Provided entries
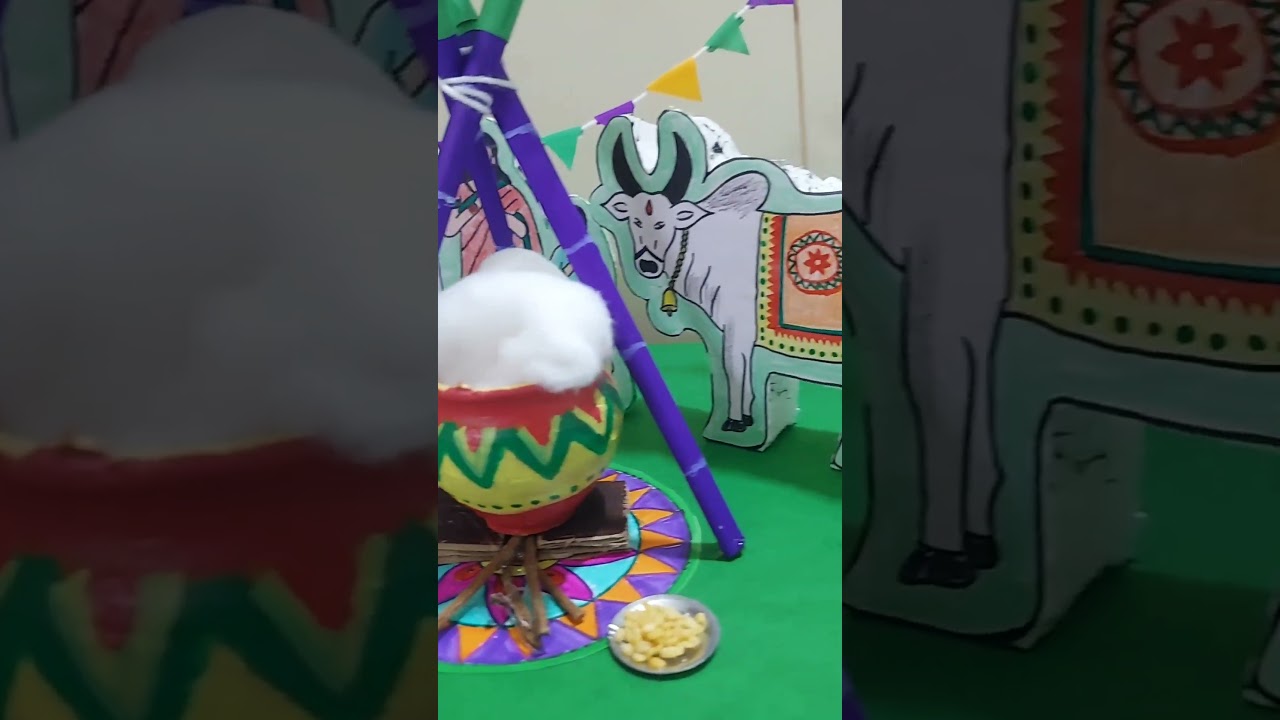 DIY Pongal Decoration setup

--

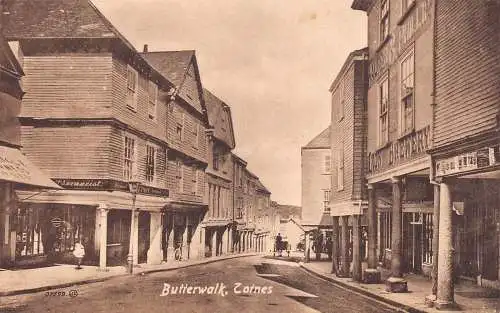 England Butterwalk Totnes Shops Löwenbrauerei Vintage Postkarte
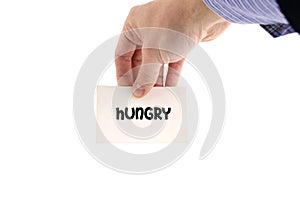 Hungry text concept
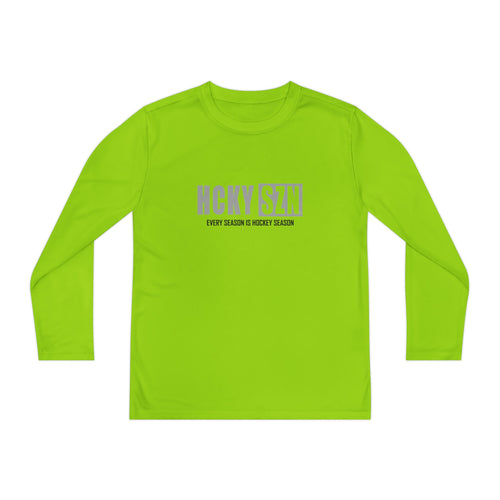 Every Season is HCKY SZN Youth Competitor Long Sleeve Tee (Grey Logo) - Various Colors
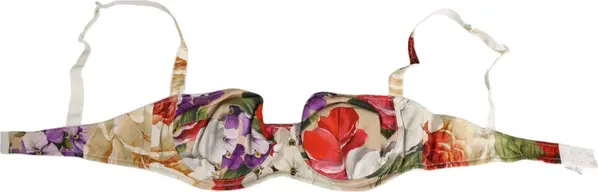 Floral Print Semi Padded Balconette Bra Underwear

Work instruction
What you return must match the lines above from the one with "Every Season is" through the one with "Floral Print Semi" exactly, with both ends included and the pictures excluded.

Answer to this problem
 Every Season is HCKY SZN Youth Competitor Long Sleeve Tee (Grey Logo) - Various Colors
 Floral Print Semi Padded Balconette Bra Underwear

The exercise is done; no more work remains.